- **Exercise prompt**:
The output is the lines below from the one with "Napier Jewelry - New" through the one with "Bearbay rutschfeste Kleinkind-Socken", both included, printed exactly and with no other line.

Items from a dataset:
◇ ◇ ◇ ◇ ◇

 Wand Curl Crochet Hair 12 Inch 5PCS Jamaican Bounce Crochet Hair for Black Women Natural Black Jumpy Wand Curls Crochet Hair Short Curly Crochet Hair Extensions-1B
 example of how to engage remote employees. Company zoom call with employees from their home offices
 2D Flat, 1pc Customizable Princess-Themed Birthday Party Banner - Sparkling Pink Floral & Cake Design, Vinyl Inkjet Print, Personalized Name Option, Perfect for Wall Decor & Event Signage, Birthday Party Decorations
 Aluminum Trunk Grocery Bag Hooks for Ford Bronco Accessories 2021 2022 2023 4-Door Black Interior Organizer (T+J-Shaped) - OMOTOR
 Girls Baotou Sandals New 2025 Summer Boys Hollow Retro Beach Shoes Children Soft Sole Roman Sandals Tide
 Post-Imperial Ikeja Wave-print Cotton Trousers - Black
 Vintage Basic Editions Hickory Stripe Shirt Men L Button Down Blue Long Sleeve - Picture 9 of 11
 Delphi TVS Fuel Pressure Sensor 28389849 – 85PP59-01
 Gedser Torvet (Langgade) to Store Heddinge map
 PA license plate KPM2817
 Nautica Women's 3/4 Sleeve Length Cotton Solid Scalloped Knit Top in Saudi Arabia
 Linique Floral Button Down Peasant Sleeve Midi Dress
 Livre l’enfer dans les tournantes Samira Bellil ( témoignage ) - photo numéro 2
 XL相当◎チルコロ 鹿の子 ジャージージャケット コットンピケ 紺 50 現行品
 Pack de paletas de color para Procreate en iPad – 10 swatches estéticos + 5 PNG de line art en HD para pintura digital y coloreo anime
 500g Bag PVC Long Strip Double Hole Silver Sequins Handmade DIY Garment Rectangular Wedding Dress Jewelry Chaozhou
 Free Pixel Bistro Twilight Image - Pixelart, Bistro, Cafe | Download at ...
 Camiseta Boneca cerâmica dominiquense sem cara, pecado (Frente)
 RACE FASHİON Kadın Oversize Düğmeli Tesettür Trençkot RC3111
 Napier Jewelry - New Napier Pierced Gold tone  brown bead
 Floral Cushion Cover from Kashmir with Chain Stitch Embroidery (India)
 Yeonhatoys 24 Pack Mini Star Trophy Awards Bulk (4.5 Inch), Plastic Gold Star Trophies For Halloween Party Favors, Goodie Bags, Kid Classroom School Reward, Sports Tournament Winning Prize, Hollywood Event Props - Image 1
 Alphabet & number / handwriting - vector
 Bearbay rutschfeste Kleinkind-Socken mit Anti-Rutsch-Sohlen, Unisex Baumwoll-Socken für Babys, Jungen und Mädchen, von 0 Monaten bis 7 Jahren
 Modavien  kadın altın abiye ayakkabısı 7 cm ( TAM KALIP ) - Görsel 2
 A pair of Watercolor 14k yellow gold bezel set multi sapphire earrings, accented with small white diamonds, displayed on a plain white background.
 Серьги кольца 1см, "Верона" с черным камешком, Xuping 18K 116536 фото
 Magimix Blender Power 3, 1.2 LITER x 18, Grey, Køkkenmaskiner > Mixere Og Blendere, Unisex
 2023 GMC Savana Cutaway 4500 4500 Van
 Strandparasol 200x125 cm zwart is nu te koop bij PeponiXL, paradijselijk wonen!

◇ ◇ ◇ ◇ ◇

- **Answer space**:
 Napier Jewelry - New Napier Pierced Gold tone  brown bead
 Floral Cushion Cover from Kashmir with Chain Stitch Embroidery (India)
 Yeonhatoys 24 Pack Mini Star Trophy Awards Bulk (4.5 Inch), Plastic Gold Star Trophies For Halloween Party Favors, Goodie Bags, Kid Classroom School Reward, Sports Tournament Winning Prize, Hollywood Event Props - Image 1
 Alphabet & number / handwriting - vector
 Bearbay rutschfeste Kleinkind-Socken mit Anti-Rutsch-Sohlen, Unisex Baumwoll-Socken für Babys, Jungen und Mädchen, von 0 Monaten bis 7 Jahren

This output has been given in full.